Figure 4—figure supplement 1
Temporal decoding error.
Heatmap of touch time decoding RMS error with respect to both population size and temporal position of analysis window.
Figure 5
L4 spike count varies with touch properties.
(A) Left, touch aligned spike rasters for a single cell, sorted by one of three touch properties: Order of touch in trial (top), whisker velocity at touch onset (middle), maximum whisker curvature during touch (bottom). Value of touch property corresponding to the touch (red line). Spike integration window for binned touch response (pink), first touches in trials highlighted (grey). Right, average spikes per touch for a binned range of touch property (10 bins with equal number of touches) (black line), 95% confidence interval (grey line). Same example cell as in Figures 1, 3. (B) Heatmap of the response of each L4 excitatory cell inside C2 (n = 31) to the three touch characteristics across 10 equal element bins. Responses normalized to peak for each cell. Cells are ordered by the mean tuning to maximum touch curvature. Example cell highlighted by black arrow. (C) Heatmap of the modulation index of the same cells and touch characteristics (max bin − min bin)/(max bin + min bin).
Figure 6 with 1 supplement
L4 responses show minimal spike count variance.
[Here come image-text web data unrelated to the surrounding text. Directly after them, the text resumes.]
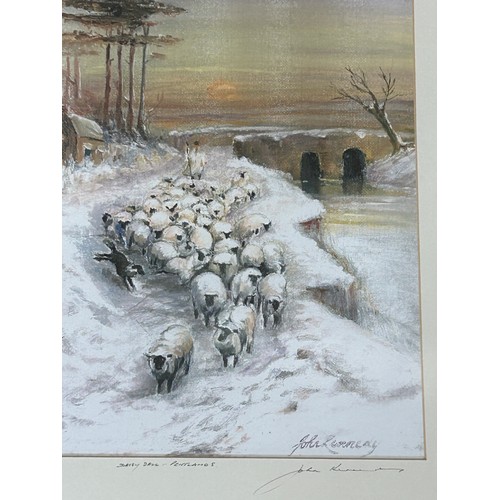 75 - 2 framed limited edition prints by John Kennedy, number 3 and 4 of 50. Christmas morning Rothley, Da... 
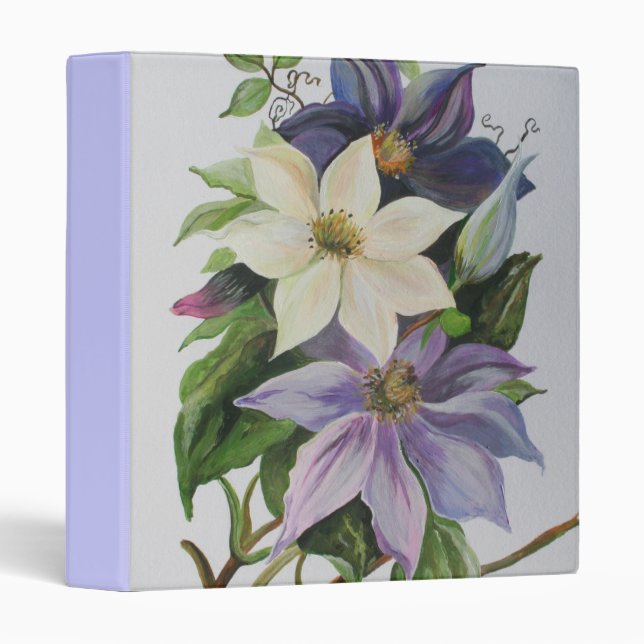 Lilac Clematis Vine Acrylic Painting Binder (Front/Spine)
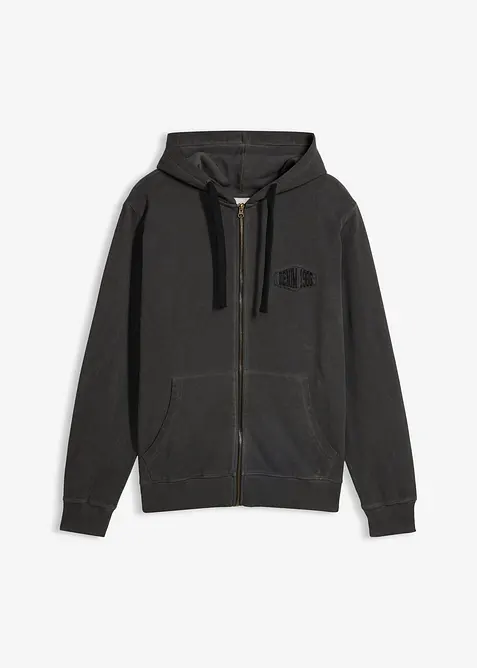 Sweat zipp&eacute; &agrave; capuche, aspect d&eacute;lav&eacute;, bonprix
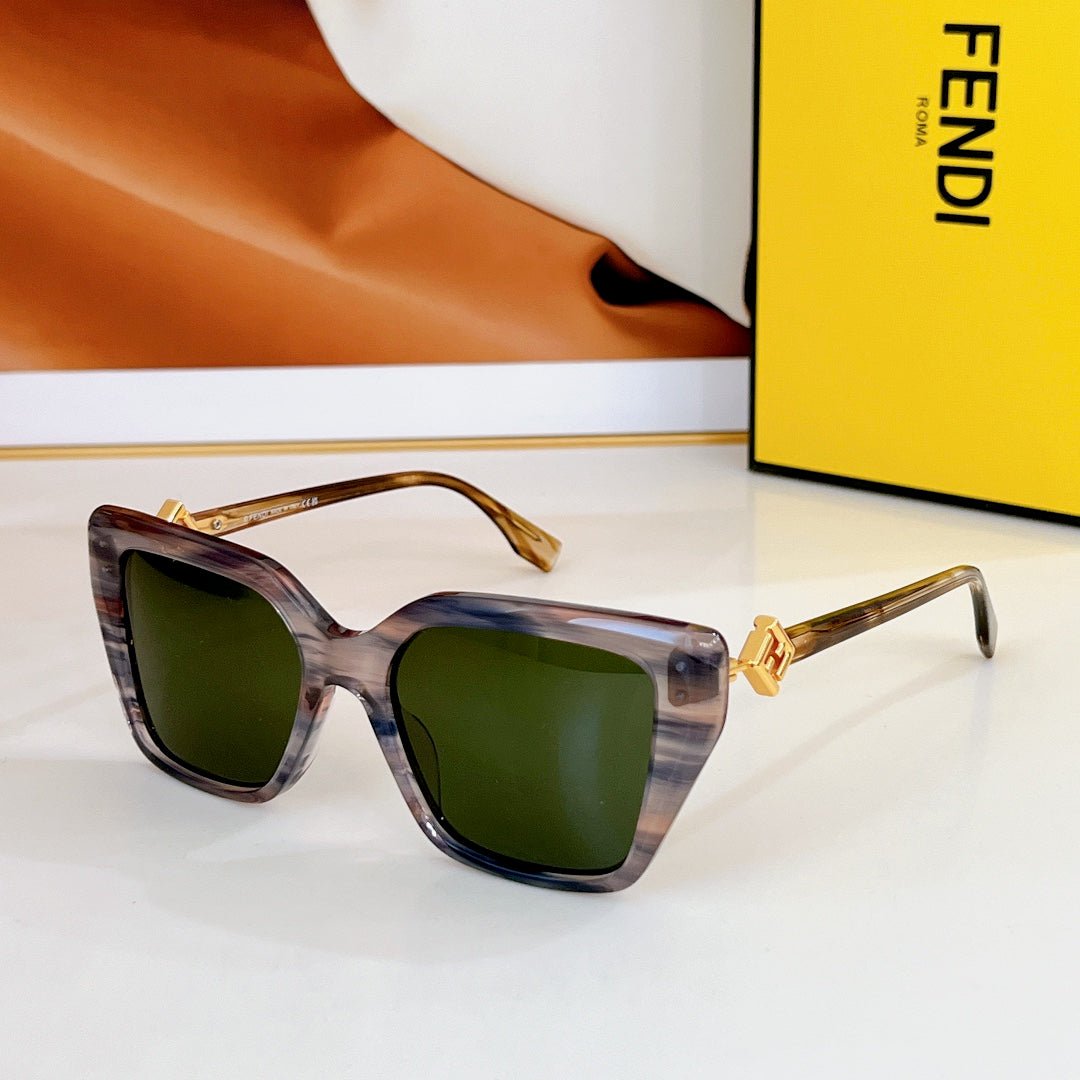 Alternative view of FENDI Tortoiseshell Frame Cat-Eye FF Logo Sunglasses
(A) Raster plot of an example neuron aligned to touch onset. Example integration window (dashed lines) in which the neuron elicits 0 or 1 spike (black dots) per touch. (B) Fano factor computed over a sliding window of 10 ms (red; same neuron as A). Fano factor is ∼1 before touch occurs because the mean spike count is very low (∼0.03), which implies a minimum possible Fano factor of ∼1. Error bars, bootstrap s.e.m. Theoretical minimum Fano factor (green). PSTH aligned to touch, 1 ms bins (black). (C) Fano factor as a function of mean spike count for all L4 neurons in C2. For each cell we calculated the Fano factor in sliding windows of 10 ms and for each of the five similar touch groups. Fano factor for each 10 ms sliding window starting from touch onset up to 20 ms post touch in 1 ms increments (grey dots). The minimum Fano factor between 0–20 ms post touch (five touch clusters per cell; red circles). The minimum Fano factor across the five groups (blue circles). Theoretical minimum Fano factor (green line). (D) Fano factor averaged across the population of L4 neurons (black). Fano factor expected for Poisson neurons with equivalent spike rates (dashed grey) and with a 2.3 ms refractory period (dark grey). Error bars represent s.e.m. (E) Comparison of Fano factors. ‘1’, counting spikes during the sample period when the pole is within reach. ‘2’, counting spikes in random windows of 38 ms duration. The number of epochs per trial was matched to the number of touches in each trial. ‘3’ counting spikes in 38 ms windows after touch plus a latency of 6 ms. ‘4’, minimum FF using a sliding window of 10 ms after touch (between 0–20 ms after touch). ‘5’, same as ‘4’, except touches were divided into five groups (as in panels A–D). Bars are s.e.m. (F) Fano factor as a function of mean spike count for the five conditions shown in panel E. Bars are s.e.m.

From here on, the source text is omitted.